3.824082 seconds (2 allocations: 7.451 GiB, 2.76% gc time)
2.128477 seconds (4 allocations: 119.213 MiB, 18.11% gc time)
4.128135 seconds (4 allocations: 3.725 GiB, 0.22% gc time)

I’m pretty sure this has to do with how the view of A is created from bool:

julia> A = rand(100, 100, 100);

julia> bool = A .< 0.5;

julia> using BenchmarkTools

julia> @btime @view($A[$bool]);
  428.214 μs (4 allocations: 3.81 MiB)

(Note that I reduced all the dimensions by a factor of 10 to speed up testing).

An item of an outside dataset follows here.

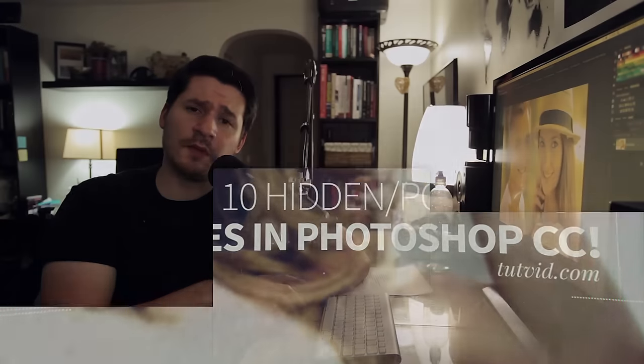Hey everybody, welcome into this Photoshop tutorial brought to you by tutvid.com. I'm really excited for this one. It's 10 Photoshop skills that you absolutely need to know. These are so powerful and kind of hidden — I didn't just go for obvious stuff like the brush tool or layers. These are hidden, powerful features in Photoshop.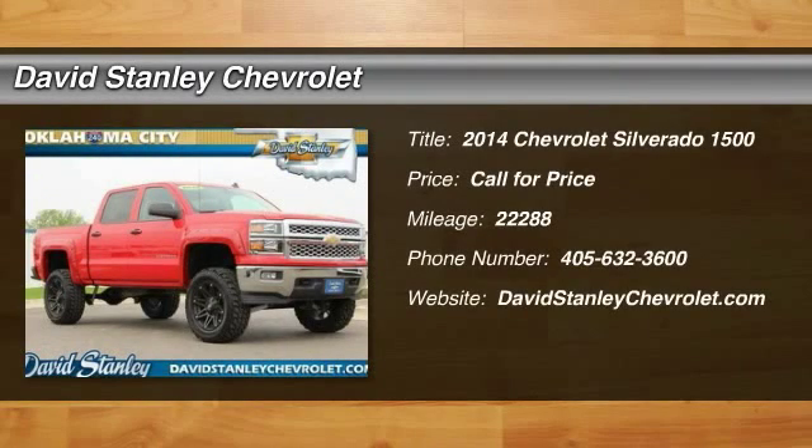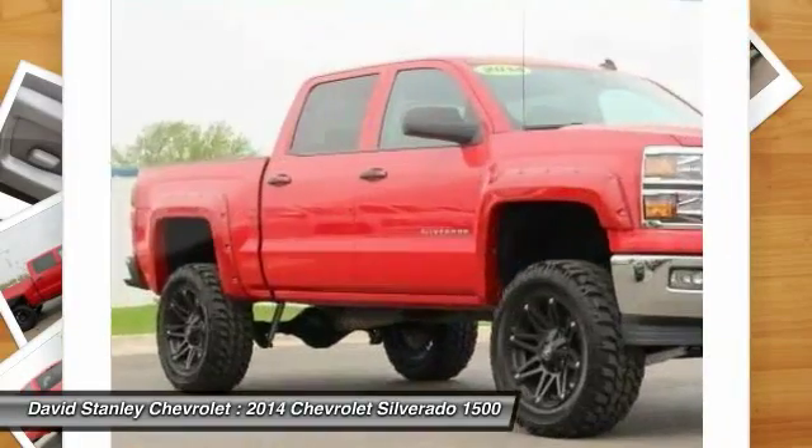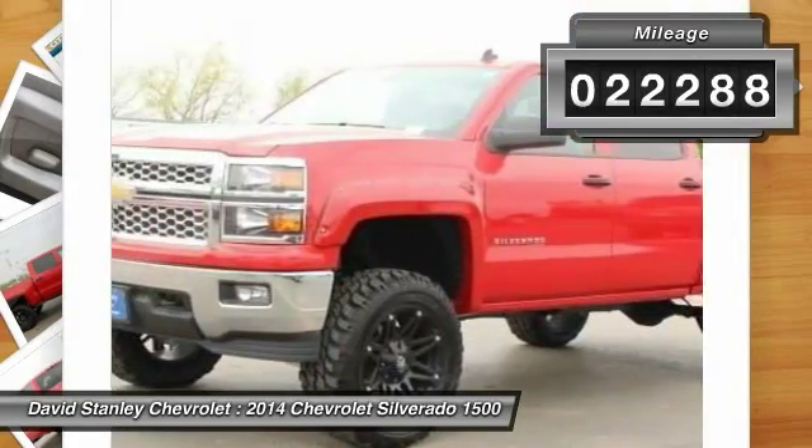The 2014 Silverado 1500. The Chevy Silverado 1500 has the lowest cost of ownership of any full-size pickup. This vehicle has less than 25,000 miles.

Even using views here doesn’t help because creating the view of A ends up computing the indices of all the nonzero elements of bool, which is where the allocation comes from:

julia> C = @view A[bool];

julia> C.indices
([4, 5, 6, 9, 10, 11, 12, 14, 16, 17  …  999986, 999988, 999989, 999990, 999991, 999992, 999993, 999996, 999998, 1000000],)

If you’re primarily interested in removing the allocations, then that’s really easy: Just write a loop:

julia> function set_using_mask!(A, bool)
         @assert axes(A) == axes(bool)
         @inbounds for i in eachindex(A)
           if bool[i]
             A[i] = 0
           end
         end
       end
set_using_mask! (generic function with 1 method)

julia> @btime ($A[$bool] .= 0);
  1.089 ms (4 allocations: 3.81 MiB)

julia> @btime set_using_mask!($A, $bool)
  3.799 ms (0 allocations: 0 bytes)

I was surprised to find that the loop is actually slower than the allocating broadcast. Clearly there’s some interesting benefit to the way A[bool] .= 0 computes all the nonzero indices first, then iterates over them. Indeed, we can replicate some of that effect:

julia> function set_using_mask_allocating!(A, bool)
         @assert axes(A) == axes(bool)
         indices = findall(bool)
         @inbounds for i in indices
           A[i] = 0
         end
       end
set_using_mask_allocating! (generic function with 1 method)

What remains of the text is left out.